++++ COLLECTED DATA ++++

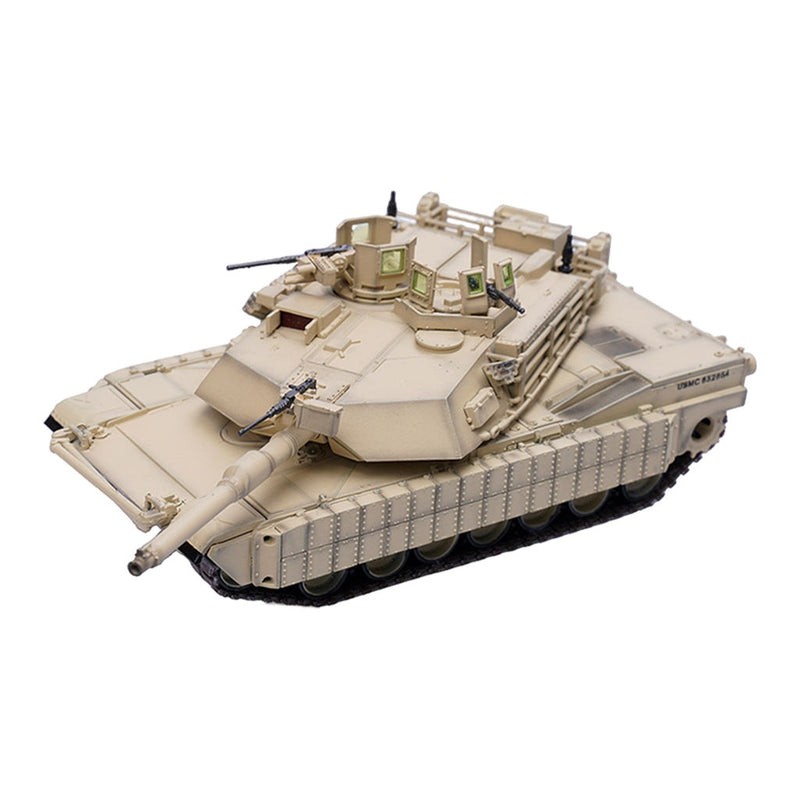 M1 Abrams Tank Diecast Alloy 1/72 with Display Case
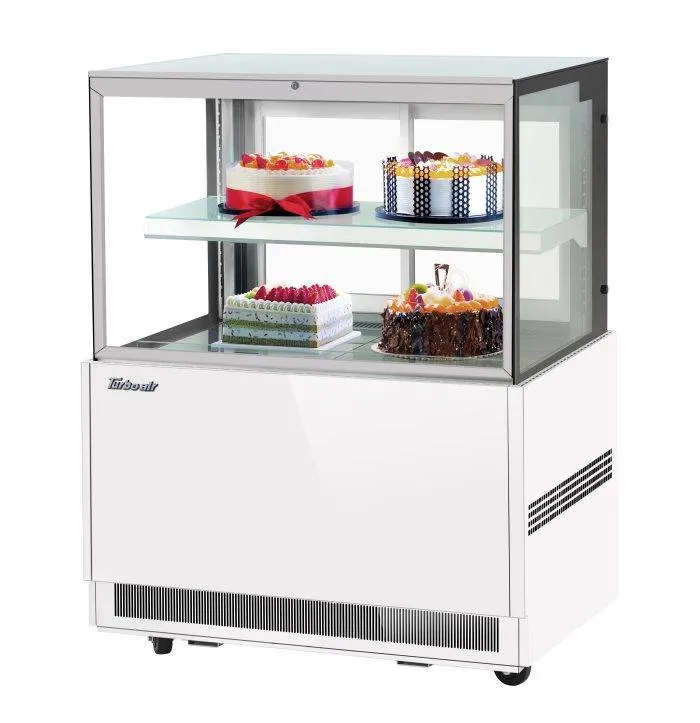 Turbo Air - TBP36-46FN-W(B). Commercial Bakery display case. Refrigerated
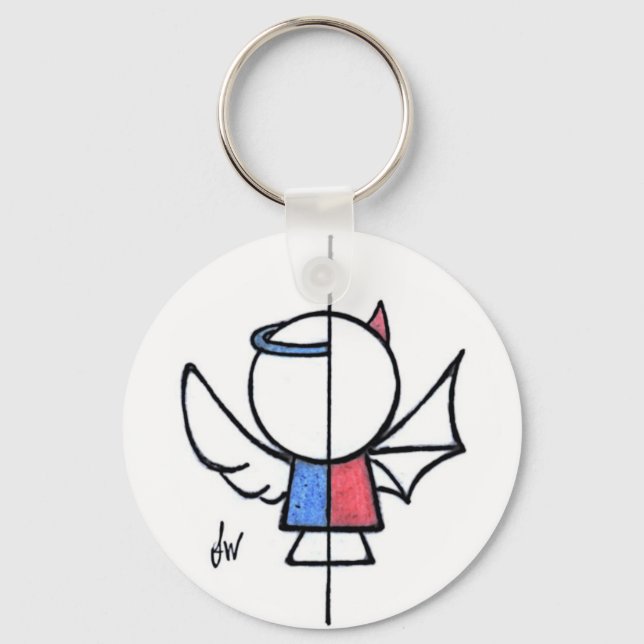 Chaveiro Metades (Frente)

++++

EXERCISE DIRECTIONS. Without including any pictures, reproduce the listing exactly.

TASK SOLUTION.
 M1 Abrams Tank Diecast Alloy 1/72 with Display Case
 Turbo Air - TBP36-46FN-W(B). Commercial Bakery display case. Refrigerated
 Chaveiro Metades (Frente)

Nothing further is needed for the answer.